12 gennaio 2007

Sull'esecuzione di Saddam Hussein

Poco tempo dopo l’11 settembre, mentre cominciava l’intervento in Afghanistan, un editoriale del Los Angeles Times proponeva: “arrestiamo Osama e facciamogli un regolare processo, così tutto il mondo potrà vedere come funziona la giustizia nella patria della democrazia.” Osama bin Laden è ancora fuori portata, ma come funziona la giustizia della democrazia esportata l’abbiamo visto: non solo il processo non ha avuto nulla di esemplare, ma l’esecuzione del condannato Saddam Hussein è il culmine di quella strategia delle “extraordinary renditions” in cui gli Stati Uniti lasciano i lavori sporchi ai loro paesi vassalli, e se ne lavano le mani dicendo (come anche qualcuno in Europa) che “è una questione interna irachena.” Che il tutto abbia luogo ad Abu Ghraib, luogo condiviso di crimini del condannato e dei suoi esecutori, è solo la più simbolica delle ciliegine.
Non è affatto una questione interna irachena; è una questione che riguarda la definizione e l’identità di quel famoso Occidente in nome del quale gli Stati Uniti e fino a poco fa l’Italia hanno imposto la loro occupazione. Non credo che sia il caso di avere nessuna pietà per Saddam Hussein, assassino e dittatore. Ma nel diritto penale la questione non è solo quello che la vittima si merita; la questione più importante è quali sono i valori, l’identità, i principi di chi amministra il castigo. La ragione per cui la pena di morte è esclusa dal nostro ordinamento non riguarda la pietà per le vittime ma l’orrore nei confronti dell’idea che lo stato possa infliggere la morte. Ci meritiamo, noi, di essere boia, amici e sostenitori del boia?
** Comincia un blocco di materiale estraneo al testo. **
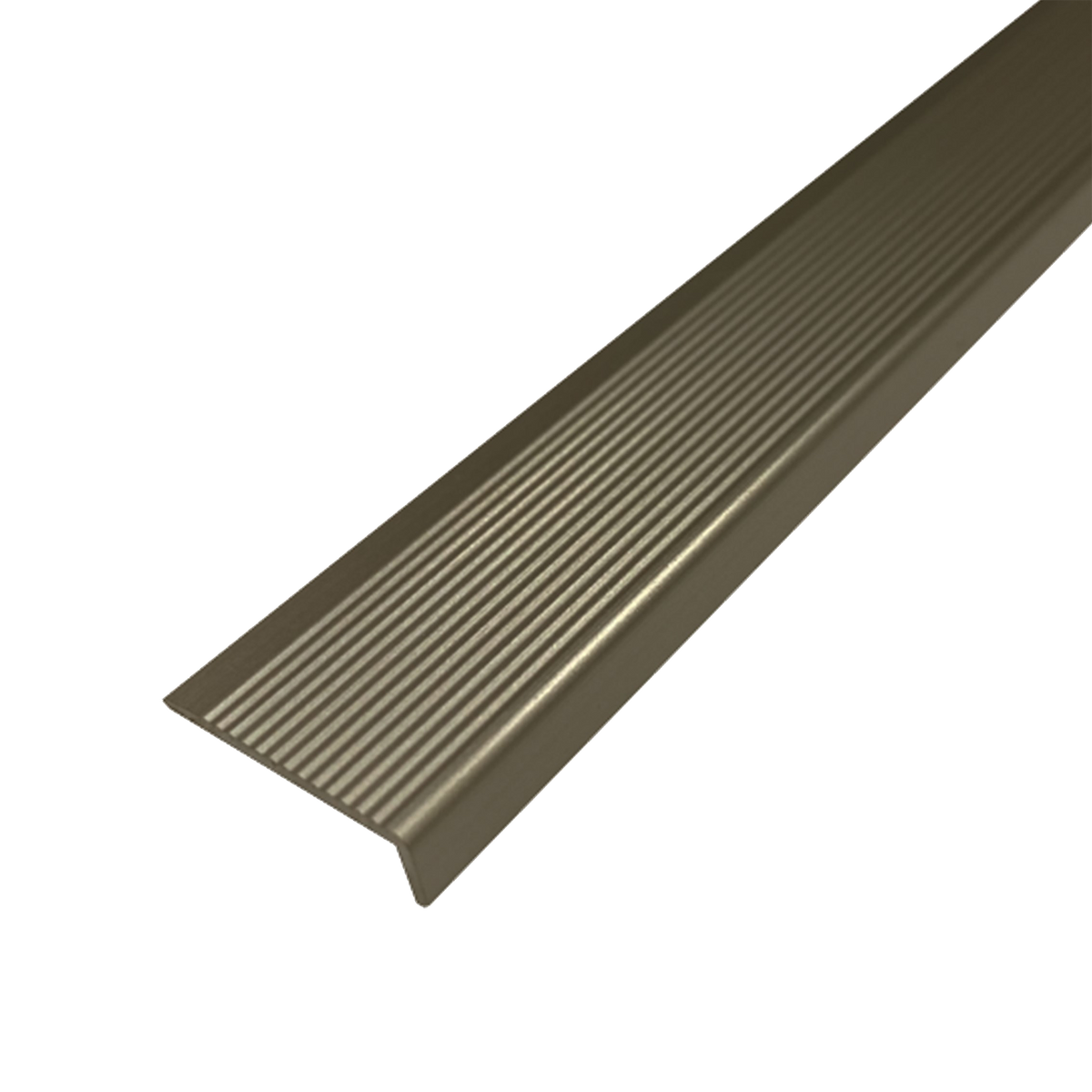 L End Cover Matt Bronze 9.3 x 3300mm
Un amico americano che seguiva casi di pena di morte mi disse una volta: i familiari delle vittime insistono sempre sull’esecuzione capitale perché pensano che questa porterà “closure”, un senso di conclusione: porrà fine alla vicenda, gli metterà l’anima in pace. E invece, aggiungeva, dopo l’esecuzione si ritrovano con lo stesso dolore e lo stesso vuoto di prima, e senza neanche più l’illusione di un atto finale liberatorio. L’esecuzione di Saddam Hussein è caso esemplare: lungi dal mettere fine alla vicenda irachena, serve a rilanciarla e aggravarla. Non solo perché la guerriglia e le stragi in Irak sono andate avanti e si sono aggravate anche indipendentemente dalla presenza di Saddam Hussein, anche dopo la sua cattura (e, nella misura in cui la sua figura ha funzionato da richiamo simbolico, lo sarà ancora di più dopo la morte). Ma anche perché invece che sancire la fine della guerra, questa parodia di Norimberga serve agli occupanti per rivendicare un “successo” e quindi continuare. E’ esattamente il contrario della “closure”: è un modo per tenere aperta la ferita e continuare ad aggravarla.
Alla fine, nell’esecuzione di Saddam Hussein la pena di morte prende le sue forme meno tragiche e più meschine, la vendetta e la frustrazione: sentimenti infantili (“Saddam Hussein ha cercato di ammazzare il mio papà”, ha detto il presidente Bush figlio), che nel fallimento complessivo dell’impresa si sfogano sull’unico oggetto di cui possono disporre. Ma questo accanimento è anche un effetto di quella ossessiva personalizzazione che sembra ormai la forma dominante del discorso politico. Le società non esistono o non gli si riconosce una soggettività; esistono e contano solo le persone del ceto politico e dei leader; così, gli Stati Uniti hanno prima creduto che bastasse abbattere una persona, Saddam Hussein, per portare la libertà a una società ansiosa di democrazia; e, non essendoci riusciti, sembrano illudersi che basti ucciderlo (che nessuno dica “giustiziarlo”: non c’è mai nessuna giustizia in un’uccisione) per recuperare quel consenso che, con loro sorpreso stupore, non si è materializzato attorno alla loro impresa. Sbagliavano allora, sbagliano adesso, e come allora il prezzo lo pagheranno soprattutto gli iracheni.
Un’ultima conserazione. L’Europa ha posto l’abolizione della pena di morte fra le condizioni per l’ammissione della Turchia. Giusto. Contemporaneamente, accettiamo come nostro alleato di riferimento e leader della Nato un paese che la pena di morte non solo la pratica ma la diffonde. Non è una contraddizione?